Repeat the data in full. Every line must match.

__Recorded data__
------------------------------

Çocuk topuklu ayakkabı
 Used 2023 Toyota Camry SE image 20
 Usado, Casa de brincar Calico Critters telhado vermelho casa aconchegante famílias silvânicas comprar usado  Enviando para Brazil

------------------------------

__Output of the task__
Çocuk topuklu ayakkabı
 Used 2023 Toyota Camry SE image 20
 Usado, Casa de brincar Calico Critters telhado vermelho casa aconchegante famílias silvânicas comprar usado  Enviando para Brazil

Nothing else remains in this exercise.